- _Captioned web image data_
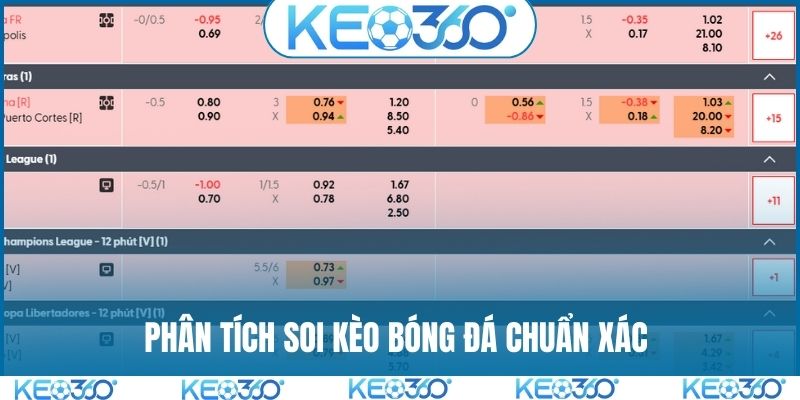 Phân tích soi kèo bóng đá chuẩn xác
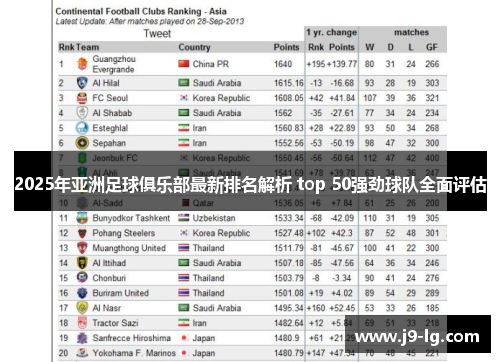 2025年亚洲足球俱乐部最新排名解析 top 50强劲球队全面评估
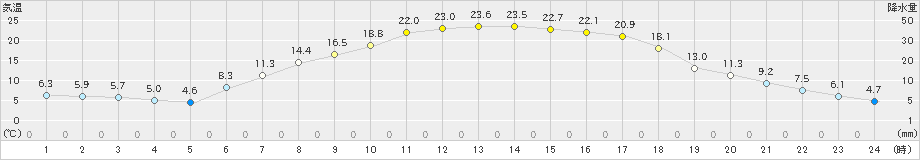 大子(>2021年04月21日)のアメダスグラフ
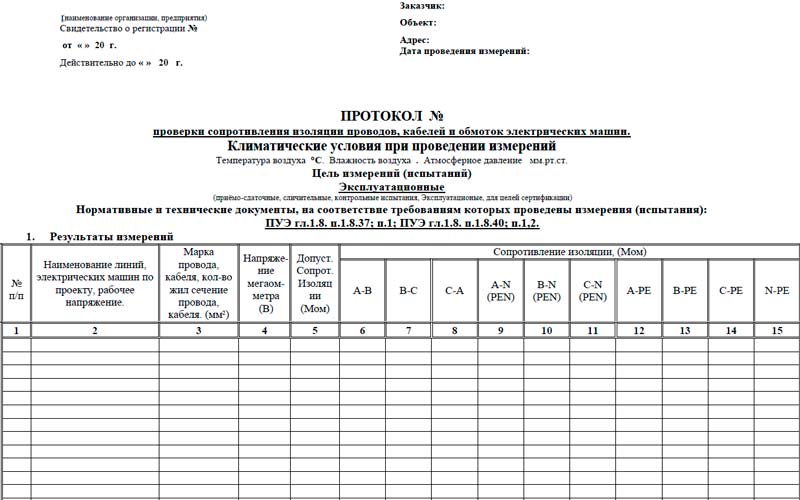 протокол измерения сопротивления изоляции шлейфа АПС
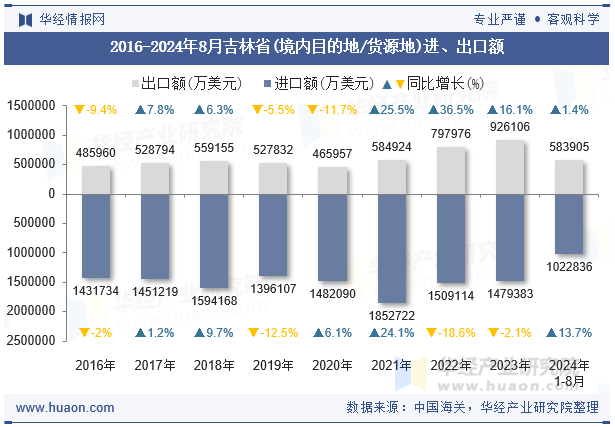 2016-2024年8月吉林省(境内目的地/货源地)进、出口额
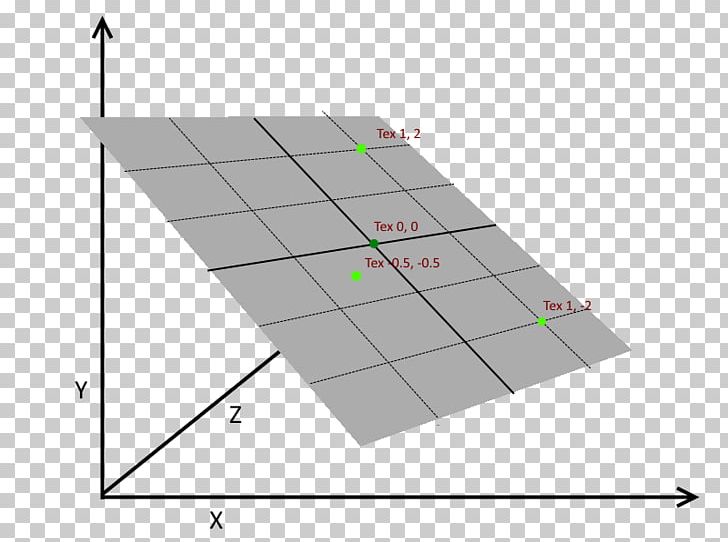 Point Coplanarity Plane Two-dimensional Space Three-dimensional Space PNG, Clipart, Angle, Area, Collinearity, Coordinate System, Coplanarity Free PNG Download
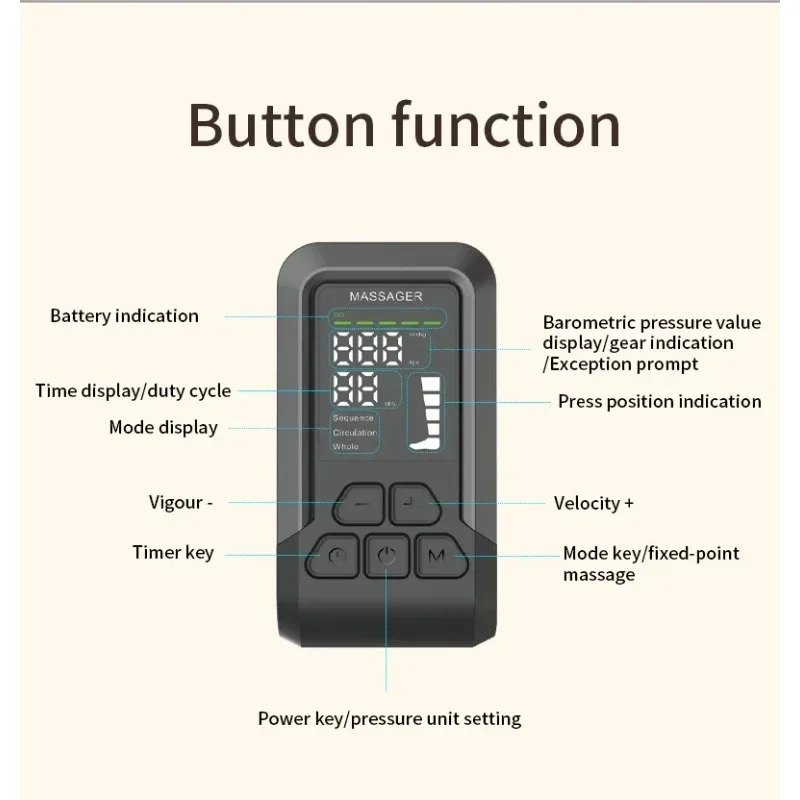 

In stock Heated Handle Controller Blod Circulation Pain Relief Cellulite Air Compression Foot Leg Calf Thigh Massager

- _Assignment_
Please give all of the data again, exact and free of pictures.

- _Result of this exercise_
 Phân tích soi kèo bóng đá chuẩn xác
 2025年亚洲足球俱乐部最新排名解析 top 50强劲球队全面评估
 大子(>2021年04月21日)のアメダスグラフ
 протокол измерения сопротивления изоляции шлейфа АПС
 2016-2024年8月吉林省(境内目的地/货源地)进、出口额
 Point Coplanarity Plane Two-dimensional Space Three-dimensional Space PNG, Clipart, Angle, Area, Collinearity, Coordinate System, Coplanarity Free PNG Download

In stock Heated Handle Controller Blod Circulation Pain Relief Cellulite Air Compression Foot Leg Calf Thigh Massager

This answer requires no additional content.